* [Requirement]: Below are entries with pictures in them. Output exactly the lines starting at the line with "TAIFUN Dames Shirt" and ending at the line with "Spiral Rosette &", both included, but not the pictures.

* [Data in this exercise]:
··········
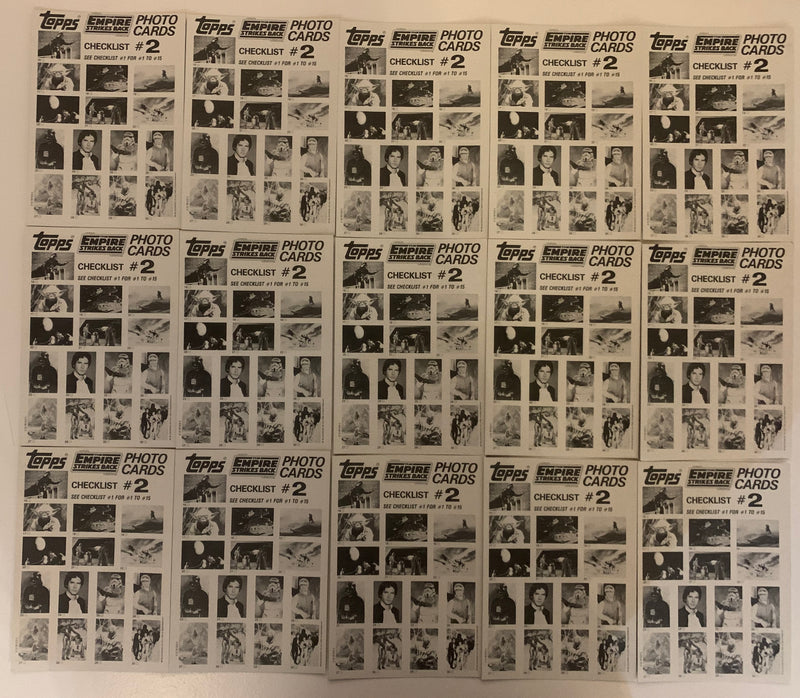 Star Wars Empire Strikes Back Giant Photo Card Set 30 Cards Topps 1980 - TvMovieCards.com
··········
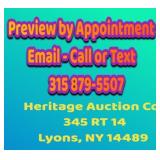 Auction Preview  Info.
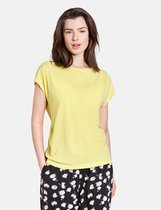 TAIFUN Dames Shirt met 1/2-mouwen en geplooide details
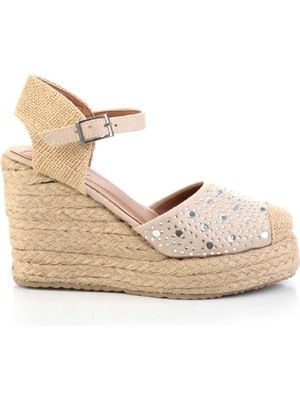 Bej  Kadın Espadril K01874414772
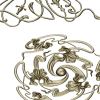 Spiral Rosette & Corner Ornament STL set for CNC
··········
* [Exercise result]:
 TAIFUN Dames Shirt met 1/2-mouwen en geplooide details
 Bej  Kadın Espadril K01874414772
 Spiral Rosette & Corner Ornament STL set for CNC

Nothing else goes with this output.